Where does shame come from and how to deal with it

Where does shame come from and how to deal with it

Has this happened to you: you saw a friend on the street, waved joyfully – and this turned out to be another person? Or for the first time you heard the word “pleonasm” in a conversation with friends and were afraid that it would be obvious that you did not understand what was meant?

Awkwardness and embarrassment, and fading, anxiety and a desire to hide, the pursuit of success and a constant feeling of dissatisfaction, as well as much more serious things – panic attacks, depression, addictions – all of them can be different manifestations of shame. Every day we encounter him, although we ourselves may not even be aware of it.
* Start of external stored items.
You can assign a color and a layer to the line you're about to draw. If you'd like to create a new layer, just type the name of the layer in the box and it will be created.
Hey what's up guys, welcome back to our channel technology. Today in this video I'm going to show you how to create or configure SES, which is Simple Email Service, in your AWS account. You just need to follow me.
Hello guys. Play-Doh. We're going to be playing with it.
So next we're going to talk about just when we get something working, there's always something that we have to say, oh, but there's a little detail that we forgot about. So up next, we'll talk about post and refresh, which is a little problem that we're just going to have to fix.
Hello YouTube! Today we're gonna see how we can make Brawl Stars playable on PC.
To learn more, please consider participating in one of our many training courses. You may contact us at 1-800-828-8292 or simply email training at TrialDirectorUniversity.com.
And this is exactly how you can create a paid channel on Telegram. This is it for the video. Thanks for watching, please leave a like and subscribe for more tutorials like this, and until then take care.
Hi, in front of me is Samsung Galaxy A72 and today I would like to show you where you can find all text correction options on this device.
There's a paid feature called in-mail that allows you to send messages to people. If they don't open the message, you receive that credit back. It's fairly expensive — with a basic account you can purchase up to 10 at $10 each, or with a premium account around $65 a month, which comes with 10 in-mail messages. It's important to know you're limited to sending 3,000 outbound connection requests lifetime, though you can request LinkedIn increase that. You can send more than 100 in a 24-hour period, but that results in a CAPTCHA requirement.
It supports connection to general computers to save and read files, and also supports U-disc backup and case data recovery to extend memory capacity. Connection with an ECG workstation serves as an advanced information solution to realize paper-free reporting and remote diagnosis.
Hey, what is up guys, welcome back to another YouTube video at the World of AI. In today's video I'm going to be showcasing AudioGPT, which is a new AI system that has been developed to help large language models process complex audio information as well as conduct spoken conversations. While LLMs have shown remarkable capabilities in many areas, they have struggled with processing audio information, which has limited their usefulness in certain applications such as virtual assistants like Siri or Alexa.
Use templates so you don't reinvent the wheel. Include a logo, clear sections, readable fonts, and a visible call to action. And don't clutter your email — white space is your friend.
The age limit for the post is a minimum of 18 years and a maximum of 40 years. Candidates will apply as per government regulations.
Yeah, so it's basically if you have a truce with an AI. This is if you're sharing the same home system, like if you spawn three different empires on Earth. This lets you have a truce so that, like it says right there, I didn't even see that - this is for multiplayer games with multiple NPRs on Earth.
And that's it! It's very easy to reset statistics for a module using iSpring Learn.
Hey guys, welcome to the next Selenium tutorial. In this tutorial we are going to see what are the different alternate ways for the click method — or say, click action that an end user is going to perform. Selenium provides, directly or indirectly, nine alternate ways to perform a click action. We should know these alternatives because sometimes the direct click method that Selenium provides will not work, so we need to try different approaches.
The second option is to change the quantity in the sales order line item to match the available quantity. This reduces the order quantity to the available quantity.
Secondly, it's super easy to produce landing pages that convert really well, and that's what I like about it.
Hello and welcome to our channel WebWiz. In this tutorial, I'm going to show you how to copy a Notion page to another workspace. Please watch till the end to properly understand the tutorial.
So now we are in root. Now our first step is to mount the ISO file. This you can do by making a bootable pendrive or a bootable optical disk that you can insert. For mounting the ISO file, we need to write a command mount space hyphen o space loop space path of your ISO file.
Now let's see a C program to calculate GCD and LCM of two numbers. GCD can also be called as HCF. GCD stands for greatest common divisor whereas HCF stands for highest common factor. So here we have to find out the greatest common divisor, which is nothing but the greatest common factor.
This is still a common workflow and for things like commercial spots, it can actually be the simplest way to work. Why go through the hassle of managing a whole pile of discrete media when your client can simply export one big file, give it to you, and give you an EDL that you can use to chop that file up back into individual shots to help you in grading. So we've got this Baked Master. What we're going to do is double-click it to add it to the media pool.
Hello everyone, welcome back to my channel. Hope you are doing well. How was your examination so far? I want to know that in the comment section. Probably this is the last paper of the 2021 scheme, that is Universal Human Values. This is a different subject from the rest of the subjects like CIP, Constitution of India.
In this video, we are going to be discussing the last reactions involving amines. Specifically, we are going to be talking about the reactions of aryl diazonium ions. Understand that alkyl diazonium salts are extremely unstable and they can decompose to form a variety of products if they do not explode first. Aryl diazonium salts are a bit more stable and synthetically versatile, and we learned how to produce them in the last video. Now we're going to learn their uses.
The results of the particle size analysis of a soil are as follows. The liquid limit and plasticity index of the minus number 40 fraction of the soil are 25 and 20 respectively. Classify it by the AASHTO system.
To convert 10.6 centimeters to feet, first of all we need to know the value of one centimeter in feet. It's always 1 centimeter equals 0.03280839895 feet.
Shame is a negative reaction to ourselves, to who we are.

In shame we feel not as “necessary”, unworthy of love and respect of people important to us.

This is one of the most difficult experiences that a person may encounter.

Shame is ubiquitous – but why then do we rarely notice it in ourselves?

Let’s understand the nature of this feeling and how to cope with it.

What is shame

When thinking about shame, many come to mind specific events in which we notice our shame and can even name the moment of its appearance and the reason.

This is the so-called situational shame – it is tied to a specific case. It may seem that shame begins and ends with an event associated with it, but this is not so.

Shame is not discrete: you cannot feel it and forget it once.

The shame that appeared in a particular situation is based on our usual ideas about ourselves, on the feeling that something is wrong with us. He, as the tip of the iceberg, is a sign of deeper processes that affect the very center of our “I”.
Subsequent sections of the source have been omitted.